In December 1999, the Independent Online reported that Gunston, along with brands like John Player International, Camel Plain, and Gitanes, faced the possibility of being banned if the manufacturers did not reduce the tar content in these brands. Manufacturers were given a three-month window to comply with the new regulations, and they did so. These regulations were aligned with the 1999 recommendations from the World Health Organization, which set a maximum limit of 15 mg of tar and 1.5 mg of nicotine in cigarettes. It was also planned to further reduce these limits to 12 mg of tar and 1.2 mg of nicotine after two or three years.

==Advertising==

Pack of Gunston with a text warning above

Various magazine and poster advertisements were made to advertise the brand. Some ads also included Team Gunston (a Formula One team owned by the Rhodesian racing driver John Love) and the "Gunston 500", a South African surf competition. The slogan that was frequently used was "Men Rate Gunston Great".

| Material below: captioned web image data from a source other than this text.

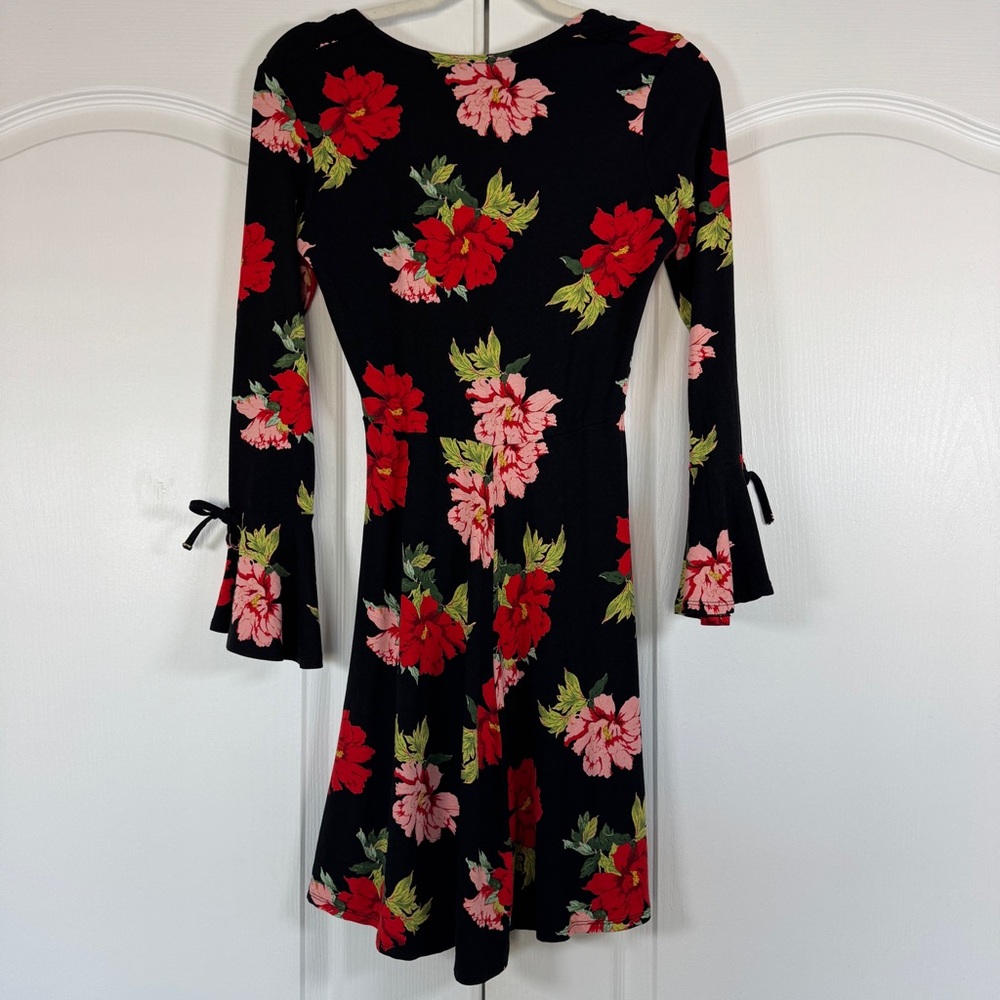 Topshop Black Floral Bell Sleeve Wrap Style Mini Dress Size 6 - Picture 3 of 9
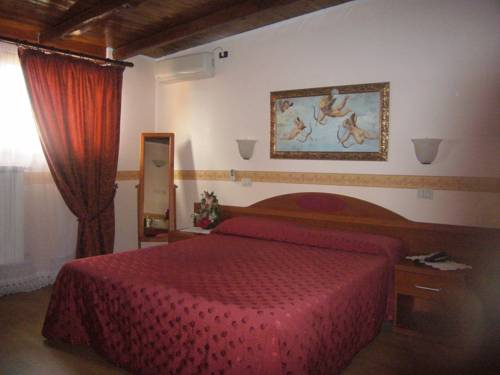 Imagen de la habitación del Hotel Villa Altieri. Foto 14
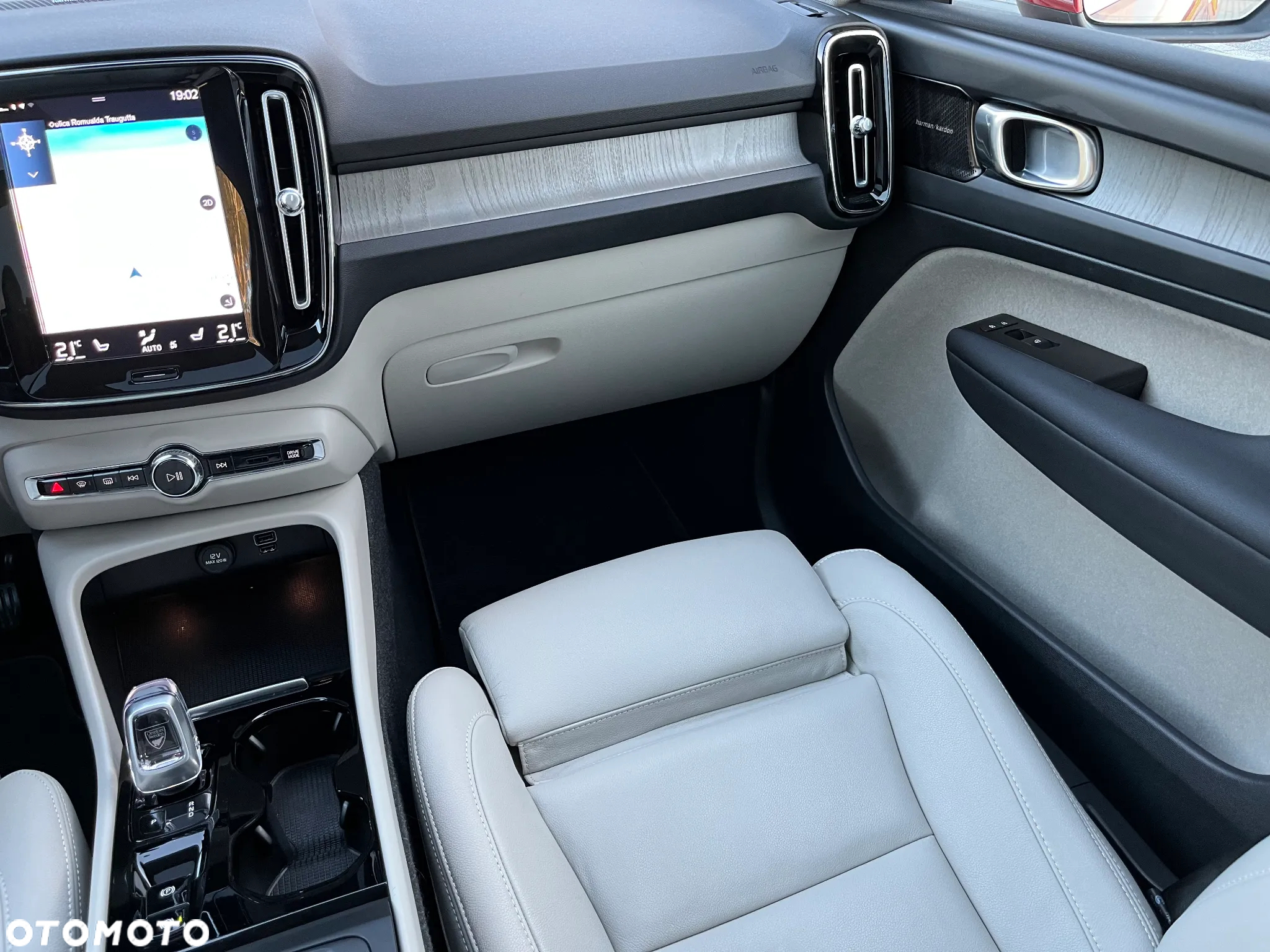 Volvo XC 40 - 34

Some radio advertisements for Springbok Radio were also made.

==Sponsorships==
===Formula 1===
Gunston provided sponsorship to Team Gunston from 1968 to 1975. This sponsorship marked an early instance of tobacco sponsorship in motor racing. They supported Rhodesian drivers John Love and Sam Tingle during the 1968 South African Championship for Formula 1 and Formula 5000 vehicles. Before their involvement in Formula 1 sponsorship, the team also participated in the non-championship event, the Rhodesian Grand Prix, which took place at the James McNeillie Circuit in Bulawayo.

===South African F2===
Gunston sponsored Team Gunston in the South African F2.

===Kyalami 9 Hours===
Gunston sponsored Team Gunston in the Kyalami 9 Hours (also known as the 1000 km of Kyalami).

===Surfing===
Gunston served as the primary sponsor for the surfing championship previously known as the "Durban 500." However, once Gunston took on this sponsorship, the event's name was changed to the "Gunston 500" surfing championship. This sponsorship came to an end when tobacco sponsorships were prohibited in South Africa in 1999.